Еще два дня прошло, стало стихать. Встретился нам один траулер, домой шел, связались мы с Мурманском, оттуда приказывают — на берег его. Стали мы его пересаживать, а он не хочет. Ребята на хитрость пошли, говорят ему тихонько: «Давай скорей на тот! Тот новый, а у нашего полны трюмы воды, вот-вот дуба даст, потонет к чертям собачьим!» — «А! — говорит. — Тогда, ребята, давайте, скорей давайте!» И покатил в Мурманск. А мы остались тресочку ловить…
— А что потом с ним стало, не знаешь?
— Вылечился, опять плавает. Я его встречал, хороший матрос.
— Да, — сказал я и закурил. — Давай выпьем!
В ресторане было светло, шумно, хлопало шампанское, кто-то в углу орал, ругался, его выводили. Музыканты играли себе, и скрипач, выворачивая белки, жадно глядел на столики, и если встречал чей-нибудь взгляд, начинал восторженно улыбаться. А музыка была грустная-грустная, гитарист, далеко растянув пальцы на грифе, глухо брал аккорды, гитара его звучала, как электроорган, а пианист курил и откидывал горькое свое лицо в темных очках.

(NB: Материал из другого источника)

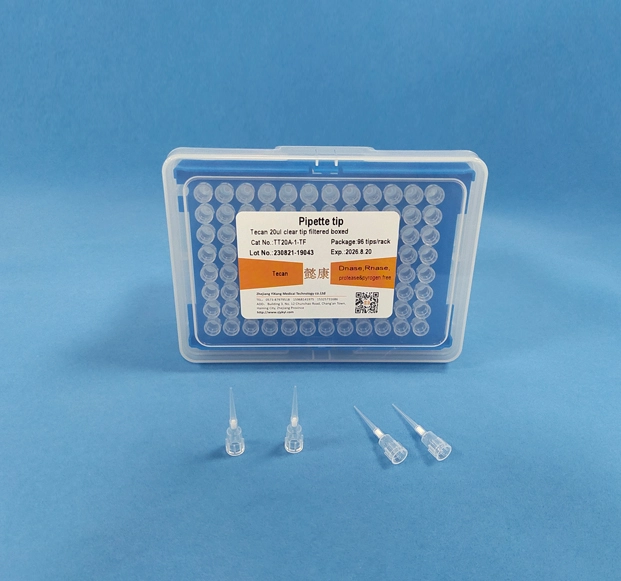 tecan filter tips wholesale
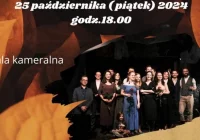 Zaduszki Literackie z Kabaretem Gałczyński  - zdjęcie główne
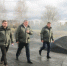 Ремонт на подъездной дороге к тульскому кладбищу выполнен наполовину - Молодой коммунар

— Тихо! — кричал за соседним столиком моряк. — Шесть тысяч пятьсот женщин изменяют в минуту своим мужьям.
— Иди ты! — небрежно отвечали девочки. — А про вас там написано? Ну? Давай!
Моряк что-то прочел про себя, фыркнул и показал приятелю. Они загоготали, переглядываясь.
— Ты помнишь, как мы с тобой познакомились? — спросил внезапно мой друг.
И я тотчас вспомнил Ленинград в декабре, туманно-морозные дни, солнце, красным шаром проступающее сквозь туман, черно-серебряный по утрам Исаакий… И как мой друг на другой день после знакомства приехал ко мне в гостиницу, был выпивши, весел, рассказывал, как прошел с караваном малых сейнеров по Великому Северному пути, как схватил ревмокардит и язву желудка, и как, обманув врачей, опять плавает, и что за баба у них буфетчица на траулере. Потом мы еще выпили тут же у меня, потом он звонил своей подруге, потащил меня к ней, приехали, и он сразу в шинели лег на пол и сказал: «Пой! А я умру! И все». Подруга его любила петь, только голос у нее был сиплый, а я смотрел на них и завидовал им. Он тогда веселый был, радостный, все ждал чего-то замечательного, хоть и закрыли ему заграничную визу за какую-то грандиозную драку в Мурманске в ресторане «Арктика». Да и я начинал только плавать, говорил лишь о море, о Севере, имена Норденшельда, Нансена святые были для меня имена. Еще бы не помнить — веселое было время! И этот зимний Ленинград, его улицы, кафе, толкотня на Невском, пустота ночных площадей, пар над каналами, снег на Медном Всаднике, тихие пасмурные утра в гостинице, когда тело звенит от сил и легкости и спрашиваешь себя: «Что мне сегодня предстоит такое хорошее?» И появления моего друга, уже неистового, с одной мыслью: гулять, гулять, пить, ехать к приятелям, к женщинам. И мы ехали, гуляли, много смеялись, кажется, все время смеялись, я хохотал, а друг мой только скалился, хохотать он и тогда не умел. Да, я тогда окончил мореходку и начинал жить.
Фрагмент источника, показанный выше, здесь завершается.